Thursday, February 4, 2010

Making Customers Brand Advocates

As many of you probably have noticed, a trend in business today is to talk about how important your customers are to you. Things here at AIA are no different, however, we recently put our money where our mouth is and asked a small group of bail bond agents to come to our offices to participate in a “brainstorming” session. The session focused on the bail bond industry overall and what we, at AIA, can do to help to continue to empower our bail bond agents to succeed. This meeting led to nearly 6 hours of discussion on a wide range of topics from technology to marketing to legislation.
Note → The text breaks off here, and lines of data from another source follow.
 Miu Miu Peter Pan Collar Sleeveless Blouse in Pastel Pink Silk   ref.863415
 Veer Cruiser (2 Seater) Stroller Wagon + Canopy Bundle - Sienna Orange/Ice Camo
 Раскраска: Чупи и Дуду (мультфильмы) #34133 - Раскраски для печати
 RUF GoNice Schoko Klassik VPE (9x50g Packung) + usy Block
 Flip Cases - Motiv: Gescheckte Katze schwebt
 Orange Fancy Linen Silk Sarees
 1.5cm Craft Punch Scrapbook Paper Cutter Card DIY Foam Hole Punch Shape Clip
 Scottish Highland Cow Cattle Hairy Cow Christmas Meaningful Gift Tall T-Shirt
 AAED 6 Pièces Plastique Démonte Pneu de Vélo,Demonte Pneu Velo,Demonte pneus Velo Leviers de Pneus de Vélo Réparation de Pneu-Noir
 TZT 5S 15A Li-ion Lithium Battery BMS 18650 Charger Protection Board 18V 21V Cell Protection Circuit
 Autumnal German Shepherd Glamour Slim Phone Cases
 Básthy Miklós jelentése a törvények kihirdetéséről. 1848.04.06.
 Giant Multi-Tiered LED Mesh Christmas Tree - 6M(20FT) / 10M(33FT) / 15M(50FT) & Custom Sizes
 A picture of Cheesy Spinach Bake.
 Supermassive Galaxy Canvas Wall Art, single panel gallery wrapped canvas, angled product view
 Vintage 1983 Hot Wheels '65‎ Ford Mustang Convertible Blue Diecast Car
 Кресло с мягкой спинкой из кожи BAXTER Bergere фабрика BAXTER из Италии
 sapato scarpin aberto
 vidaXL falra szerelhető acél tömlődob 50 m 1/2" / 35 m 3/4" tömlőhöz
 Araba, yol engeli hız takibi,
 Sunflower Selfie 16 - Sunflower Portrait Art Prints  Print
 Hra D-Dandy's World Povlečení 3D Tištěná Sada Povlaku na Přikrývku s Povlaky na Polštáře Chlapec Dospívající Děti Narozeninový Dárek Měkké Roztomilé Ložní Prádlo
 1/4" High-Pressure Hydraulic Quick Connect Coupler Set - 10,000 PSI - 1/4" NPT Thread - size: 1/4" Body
Of course, we discussed the impact the current economic state of affairs has had and the impact it continues to have on bail agents businesses. But more importantly, we discussed how we can address these challenges together. Understanding the needs of bail bond agents and their expectations of us as their bail surety is extremely important to us.

We also asked these agents a series of questions about how we can help them improve their bail bond business and the bail bond industry at large. Their responses were very informative and have stimulated a lot of exciting strategy discussions among the AIA team. After that exciting day of candid discussion, we are energized and focused on the role we must play to provide our agents with the innovative services they will need to confront the ever-changing bail bond marketplace.

The most important lesson we learned from this brainstorming session, is that our agents truly are a valuable part of our brand. The more we bring them into our business, the more effective we can be. Moving forward we will conduct more agent brainstorming sessions like these with different groups of bail agents and different points of view. Furthermore, I encourage all of our agents to use this bail bond industry blog as a way to communicate your concerns or thoughts about AIA and how we can help. All input is welcomed and as always will be taken seriously.